▶ _THE PROBLEM_
The listing below is to be copied exactly, with pictures excluded.

▶ _MATERIAL FOR THIS EXERCISE_
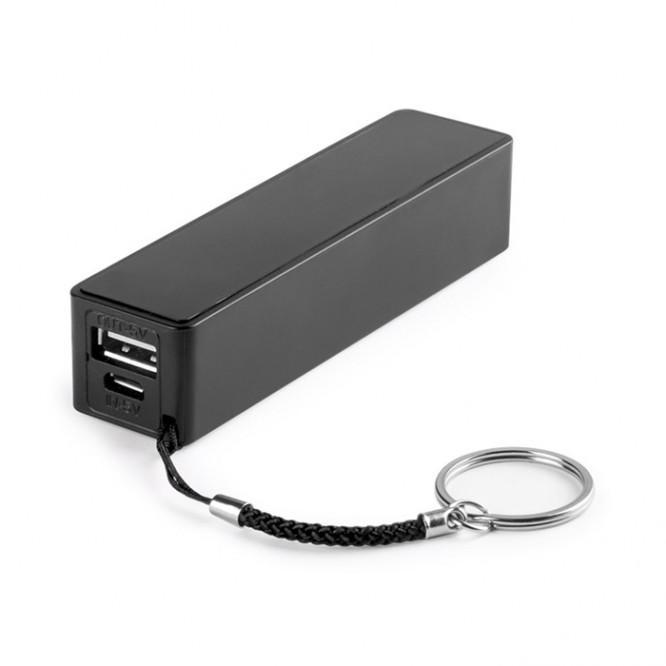 Batería externa personalizable de 2200mAh color negro
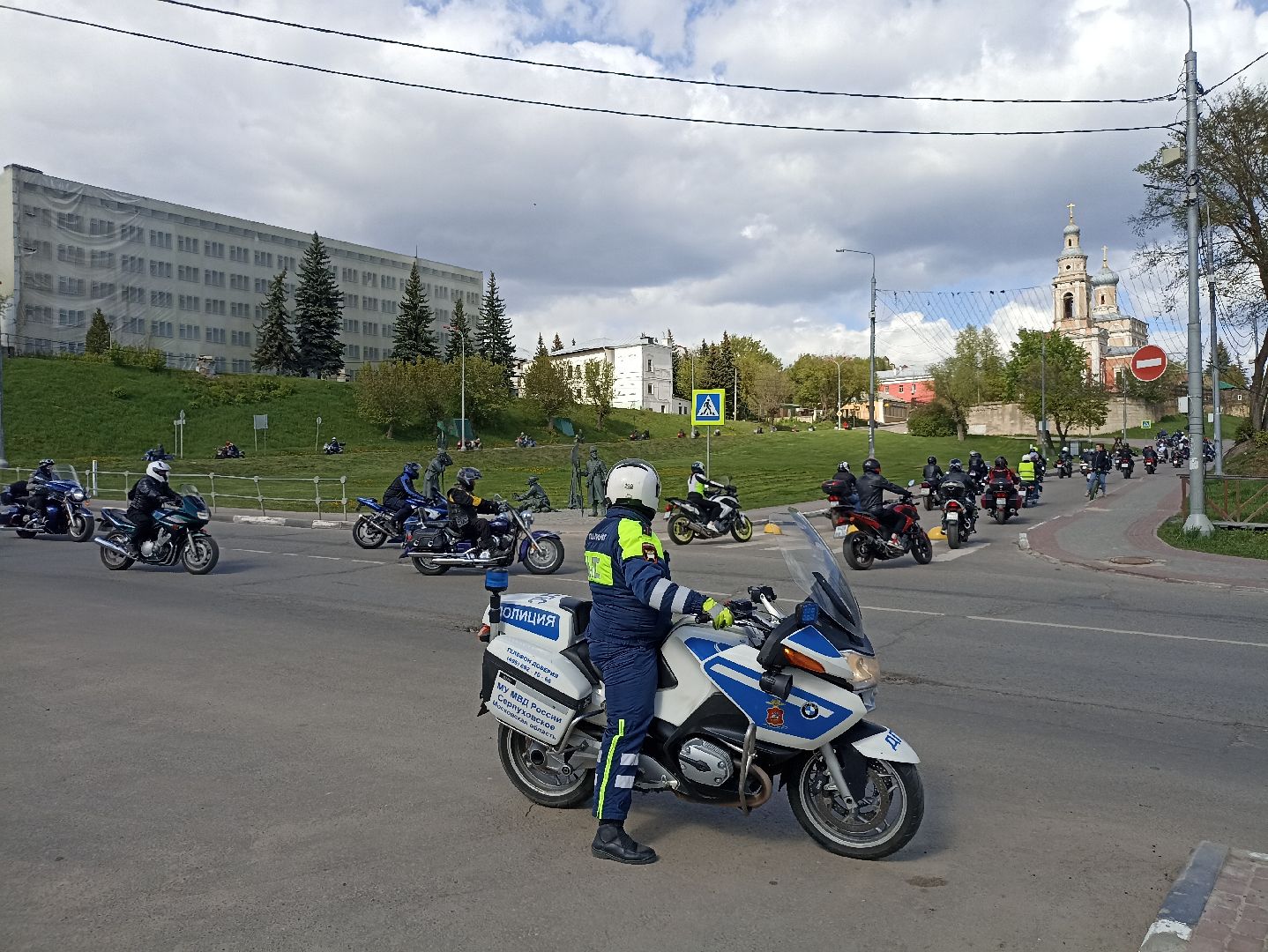 Серпухов, Подмосковье, мотоциклы, байкеры, открытие сезона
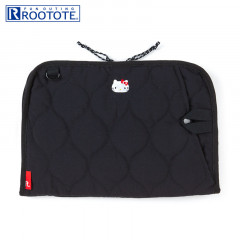 Japan Sanrio Rootote PC Bag - Hello Kitty / Black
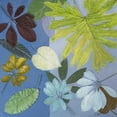 thumbnail image 2 of Pinto, Patricia 20x20 White Modern Wood Framed Museum Art Print Titled - Blue Garden I, 2 of 4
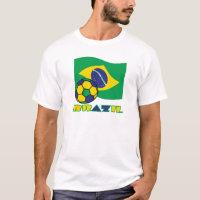 Brasilianische Flagge - Fußball-Ball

▶ _SOLUTION TO THE EXERCISE_
 Batería externa personalizable de 2200mAh color negro
 Серпухов, Подмосковье, мотоциклы, байкеры, открытие сезона
 Japan Sanrio Rootote PC Bag - Hello Kitty / Black
 thumbnail image 2 of Pinto, Patricia 20x20 White Modern Wood Framed Museum Art Print Titled - Blue Garden I, 2 of 4
 Brasilianische Flagge - Fußball-Ball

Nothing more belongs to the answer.